Stored items

○ ○ ○ ○

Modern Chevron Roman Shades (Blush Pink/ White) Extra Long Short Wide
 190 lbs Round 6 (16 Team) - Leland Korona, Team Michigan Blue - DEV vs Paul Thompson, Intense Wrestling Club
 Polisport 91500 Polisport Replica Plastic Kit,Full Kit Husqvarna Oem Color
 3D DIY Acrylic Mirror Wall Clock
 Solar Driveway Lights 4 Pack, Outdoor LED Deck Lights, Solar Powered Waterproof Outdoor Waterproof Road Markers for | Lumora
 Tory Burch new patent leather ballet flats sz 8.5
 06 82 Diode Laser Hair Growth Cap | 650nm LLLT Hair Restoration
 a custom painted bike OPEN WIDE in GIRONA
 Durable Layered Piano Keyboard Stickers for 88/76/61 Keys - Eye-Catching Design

○ ○ ○ ○

WORK ITEM = Please restate every record shown above, word for word.

REPLY =
Modern Chevron Roman Shades (Blush Pink/ White) Extra Long Short Wide
 190 lbs Round 6 (16 Team) - Leland Korona, Team Michigan Blue - DEV vs Paul Thompson, Intense Wrestling Club
 Polisport 91500 Polisport Replica Plastic Kit,Full Kit Husqvarna Oem Color
 3D DIY Acrylic Mirror Wall Clock
 Solar Driveway Lights 4 Pack, Outdoor LED Deck Lights, Solar Powered Waterproof Outdoor Waterproof Road Markers for | Lumora
 Tory Burch new patent leather ballet flats sz 8.5
 06 82 Diode Laser Hair Growth Cap | 650nm LLLT Hair Restoration
 a custom painted bike OPEN WIDE in GIRONA
 Durable Layered Piano Keyboard Stickers for 88/76/61 Keys - Eye-Catching Design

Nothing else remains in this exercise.